Amo lo sport e ne ho praticati anche molti negli anni giovanili sia in prima persona che in qualità di allenatore (anche se la cosa può sembrarvi strana visto il mio attuale stato di forma in sovrappeso di 25 Kg).
Diventato sacerdote l’interesse è rimasto anche se per ovvi motivi si è ridotto il tempo a disposizione. È rimasto l’interesse anche perché, almeno per la mia esperienza maturata ai tempi dell’Oltrera, la amata polisportiva (curava infatti molte discipline sportive) di Pontedera, lo sport aiuta i giovani, ragazzi e ragazze, a forgiare il carattere e a crescere dal punto di vista sociale.
Non tutti gli sport però sono uguali. Alcune attività sportive non hanno bisogno di investimenti finanziari se non quelli essenziali; altre invece ne hanno un bisogno estremo ( in buona parte legittimo ) perché muovono un vero e proprio mercato (tesserati, spettatori ecc.)
E qui nascono i problemi. Sempre tornando alle mie esperienze passate se, per svolgere attività di atletica si spendeva pochissimo e si registrava la massima soddisfazione per atleti e genitori, per il calcio invece, almeno con alcune squadre di calcio, c’erano molte criticità.
Alcuni (non tutti per fortuna) allenatori infatti pensavano a vincere e basta. Quindi trascuravano i ragazzi del vivaio a vantaggio di altri, esterni all’ambiente, ma però più bravi e disposti a sacrificare tutto (!) al calcio.
Non si trattava, come pensavo ingenuamente all’inizio, di un motivo di giusta soddisfazione per un campionato vinto ma di un motivo esclusivamente finanziario perché i predetti “bravi”, passando successivamente a squadre blasonate garantivano una buona percentuale, in soldoni, alla squadra d’origine.

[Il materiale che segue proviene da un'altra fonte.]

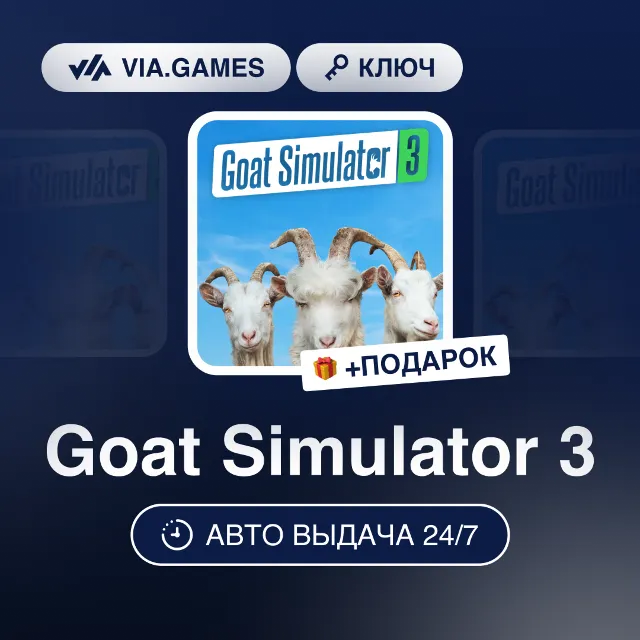 Goat Simulator 3 (Epic Games Ключ) СНГ-МИР(БЕЗ РФ) + ПОДАРОК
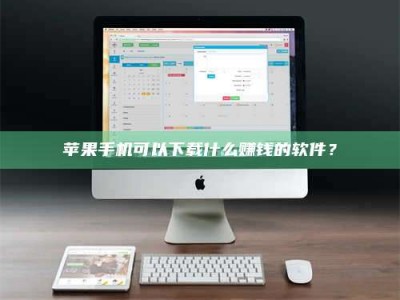 呼伦贝尔苹果手机可以下载什么赚钱的软件？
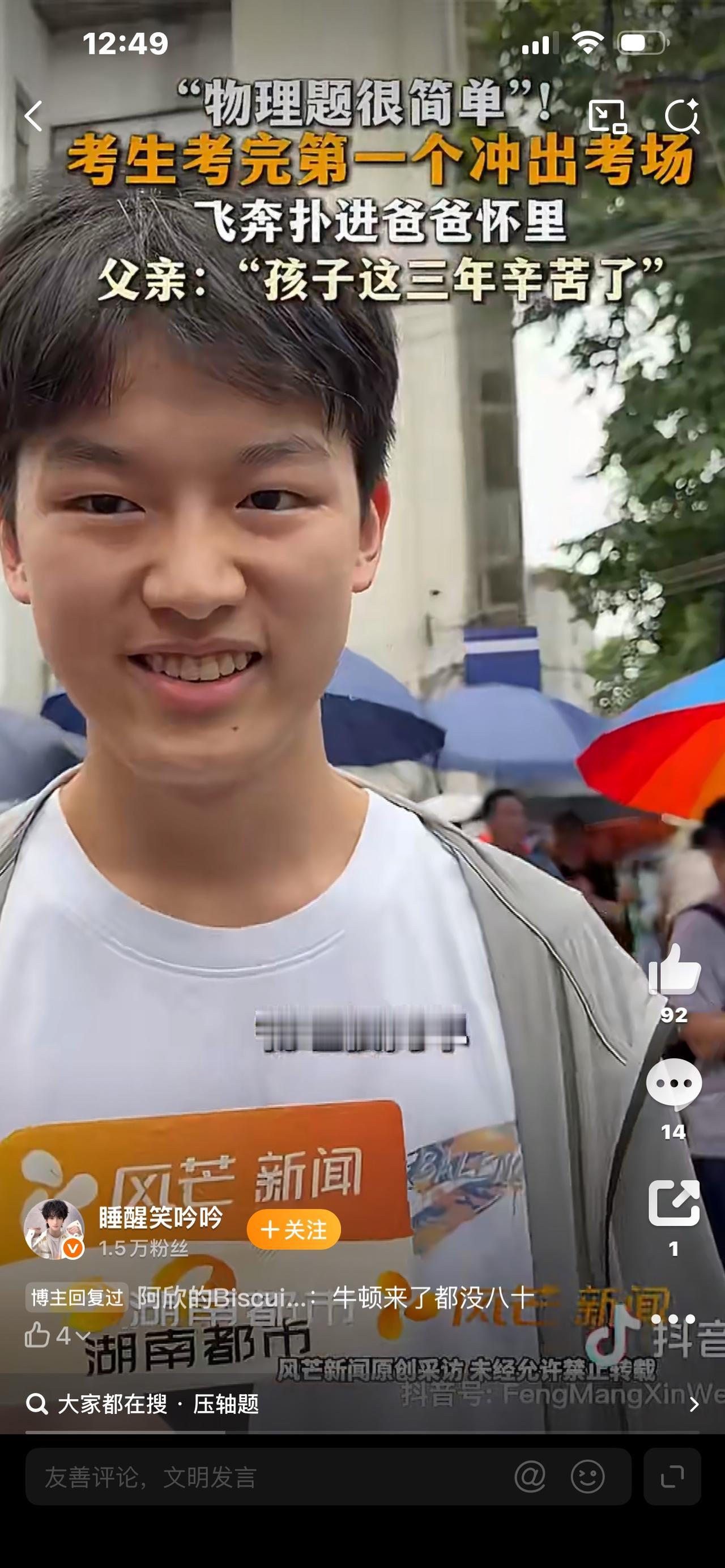 高考物理，为啥被说在选拔牛顿接班人？真相扎心但必须看懂！

“考完物理，感觉被牛
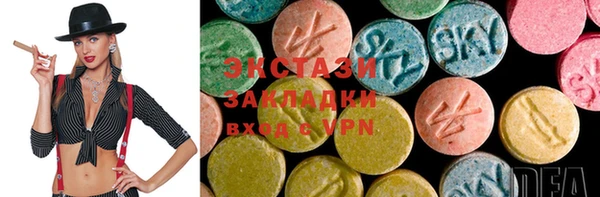 кристаллы Карпинск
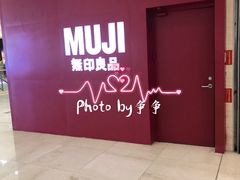 -MUJI无印良品(茂业天地店)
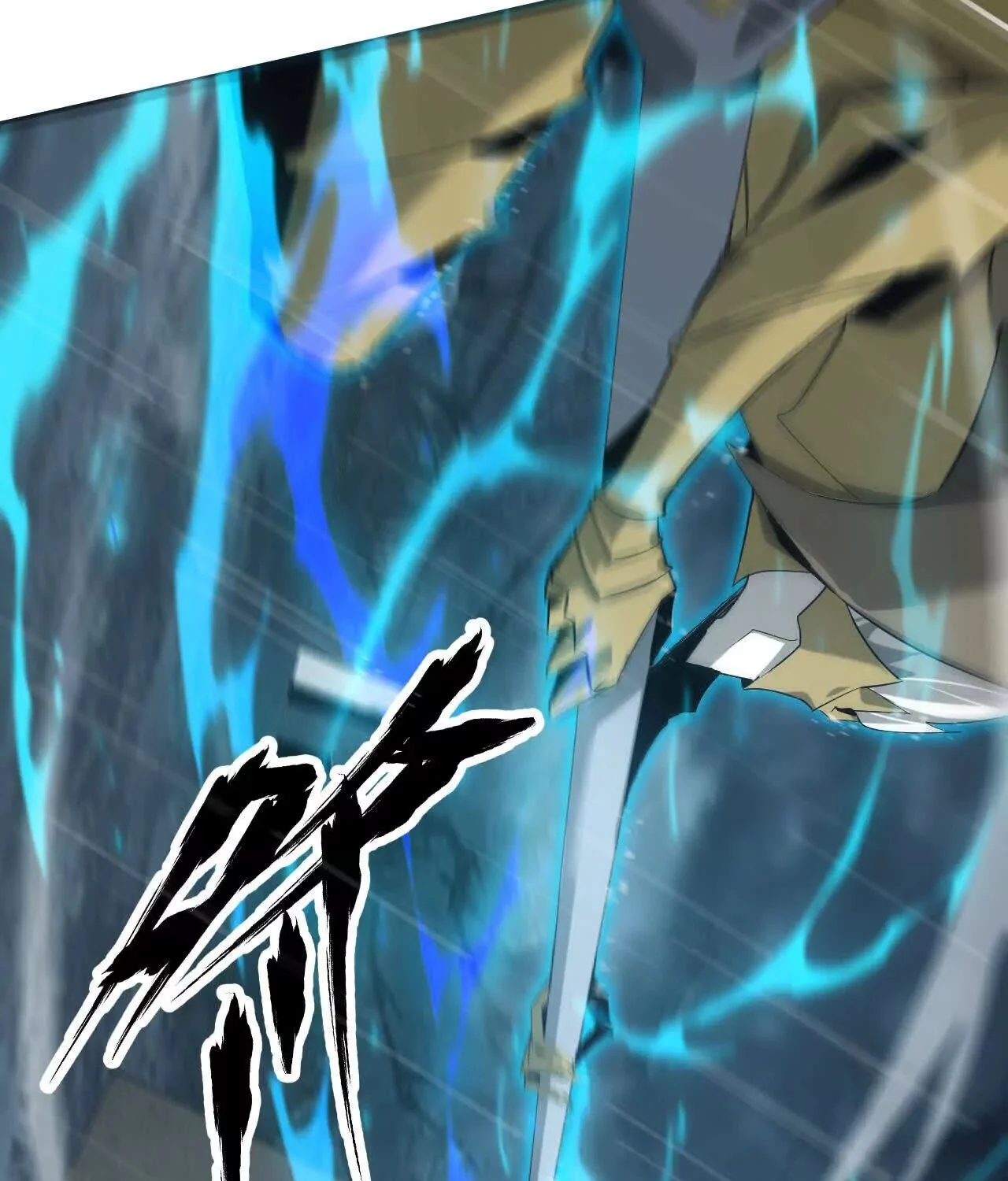 Unparalleled in the Online Gaming World ยอดคน ณ โลกออนไลน์ ตอนที่ 18 page 39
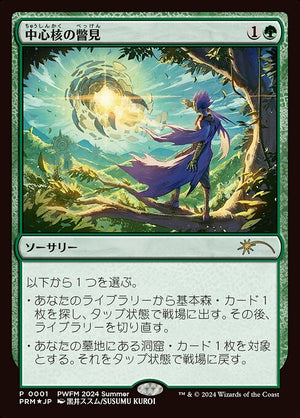 Glimpse the Core (2024-03) [Planeswalker Championship Promos]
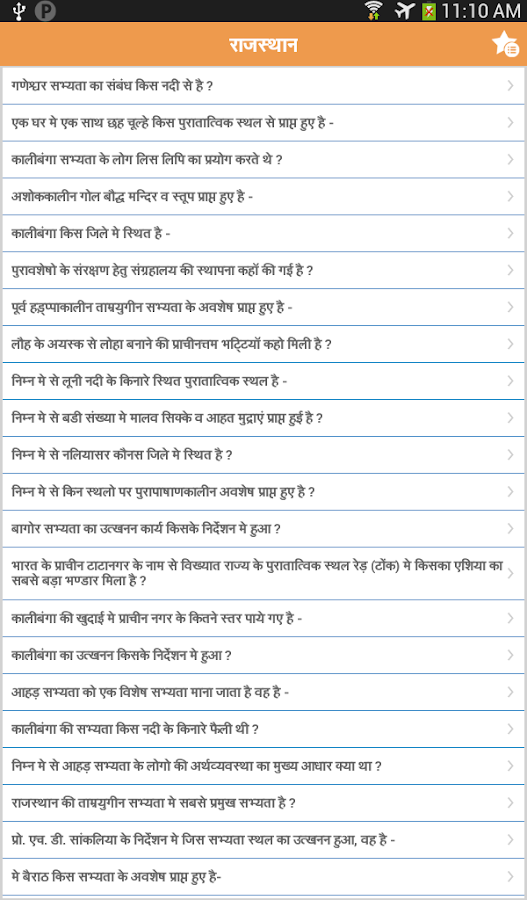 CskdpmPAQDbK uhGXqeybmINSQ KmxUDduCBJ1kqMNxV9JxY4IA_USIy2J0C_ coWps=h900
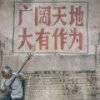小郎中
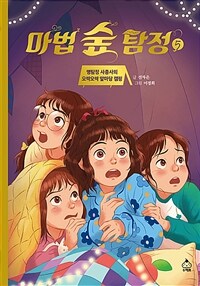 마법 숲 탐정. 5, 명탐정 사총사의 오싹오싹 앞마당 캠핑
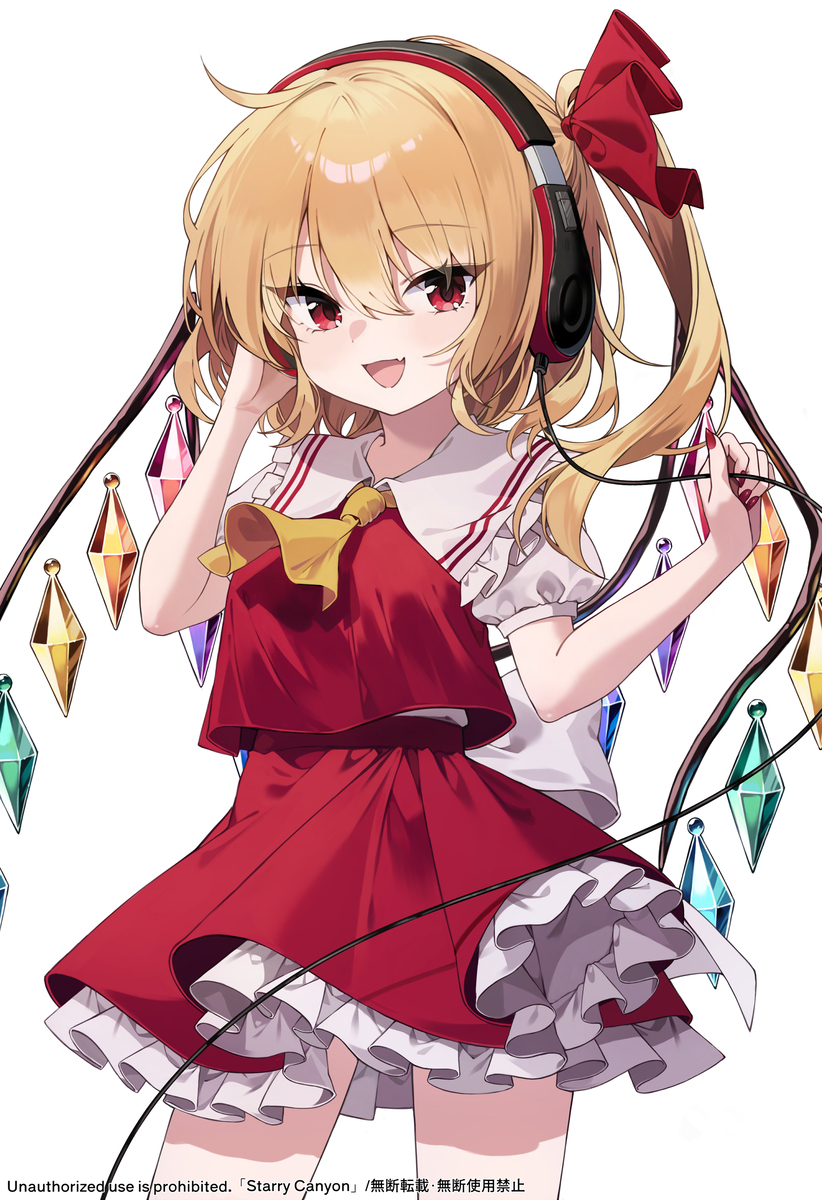 フランドール・スカーレット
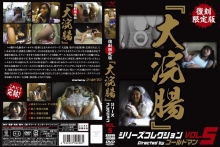 AXDVD-058-R/86axdvd00058rのメインビジュアル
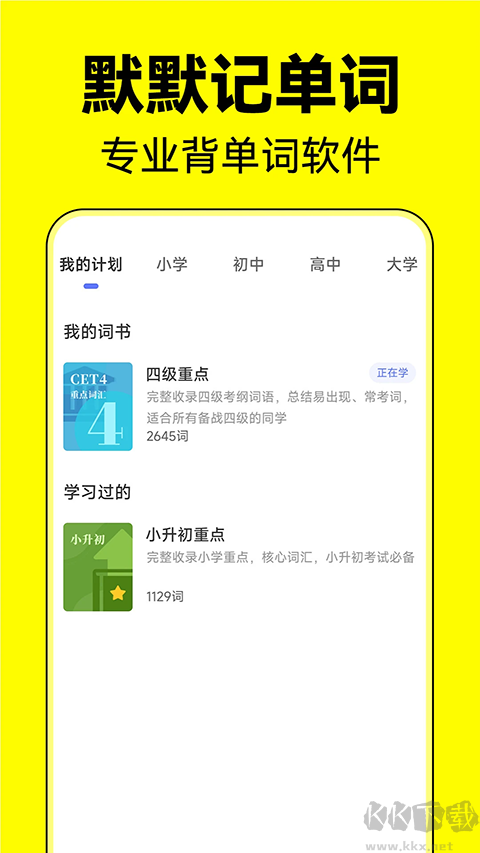 默默记单词app手机版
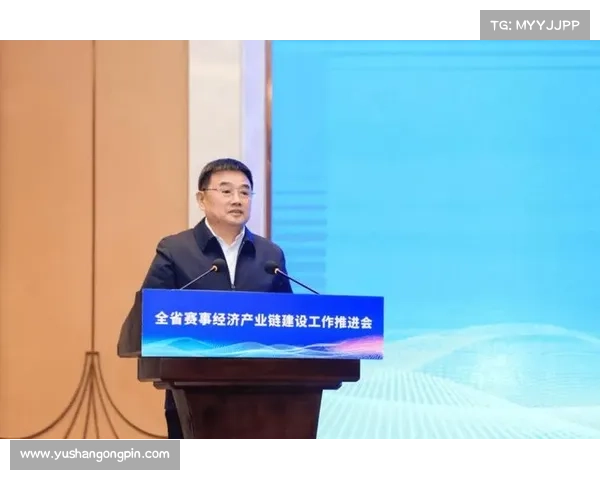 赛事产权战略定位与价值实现路径研究推动体育产业高质量发展 赛事产权战略定位与价值实现路径研究推动体育产业高质量发展
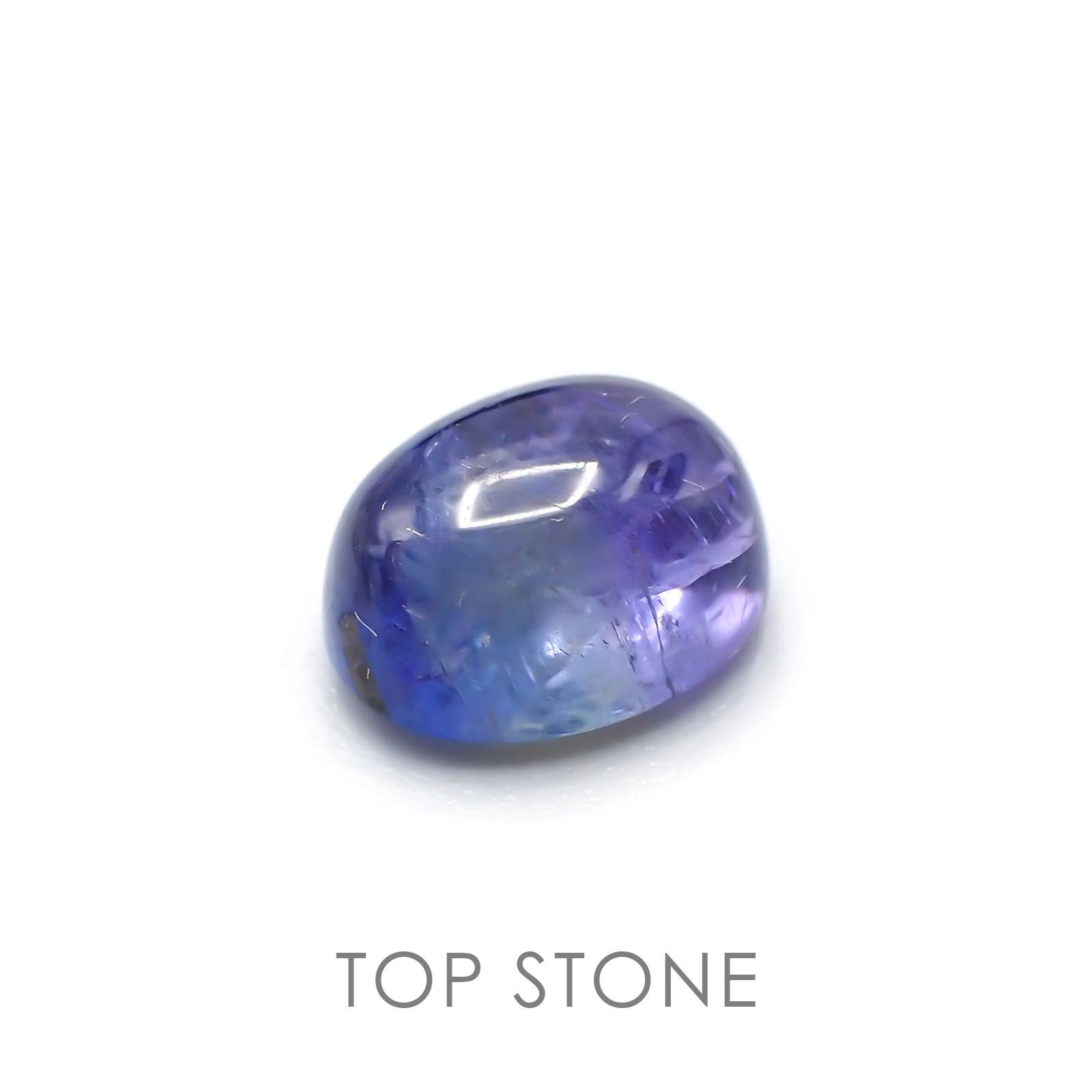バイカラータンザナイト(ゾイサイト) 非加熱 タンザニア産 ルース 2.93ct[21038534]9×7mm前後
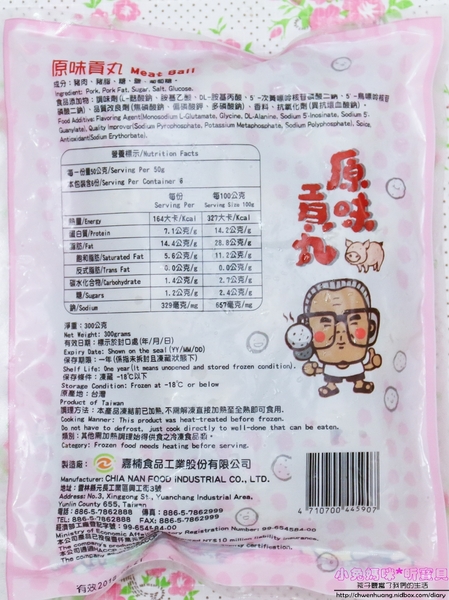 cm20170427___57b9687600cd4d888403ac2af69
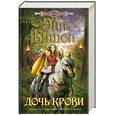 russische bücher: Бишоп - Дочь крови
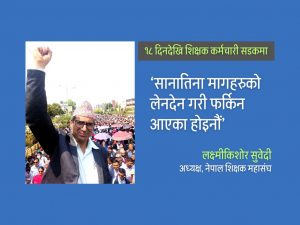 प्रधानमन्त्री र सभामुखसँग भेटेपछि पनि शिक्षक-कर्मचारी आश्वस्त हुन सकेनन्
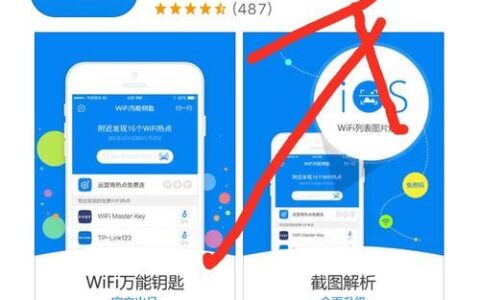 如何下载和安装WiFi万能钥匙？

Più ingaggi di prestigio… più soldi!
I “nostri” sentendosi sempre esclusi dopo un po’ di tempo rinunciavano. Ma anche i “bravi”, dopo qualche anno di illusioni, facevano la stessa fine perché incontravano sulla propria strada altri ancora più bravi di loro e finivano miseramente nel dimenticatoio.
A ben pensarci la loro fine era peggiore perché si ritrovavano esclusi oltre che dal calcio anche dalla vita sociale/professionale avendo trascurato le amicizie e gli studi. Quale amarezza quando si sentivano “scaricati” dagli stessi personaggi che in precedenza li avevano esaltati (forse sarebbe meglio dire sfruttati).
E quanto impegno, per i dirigenti seri, nel “ricostruirli” umanamente o aiutandoli a trovare un’occupazione. E, confesso, quanta delusione anche per me nel constatare ragazzi “geniali” costretti a frequentare scuole serali con enormi sacrifici per vedere di recuperare almeno in parte il distacco dai coetanei ormai professionisti affermati.
Ecco allora il senso di questa mia riflessione odierna. C’è, nell’economia “politica” (e anche il calcio vi rientra) una scala di valori ben precisa che deve obbligatoriamente mettere al primo posto i valori “umani” e solo dopo quelli economico/finanziari.
Un appello quindi a tutti i dirigenti sportivi perché considerino i propri tesserati come persone e non come merce. Non me ne vogliano coloro che si sentono chiamati in causa per questo mio richiamo a favore dei giovani sportivi.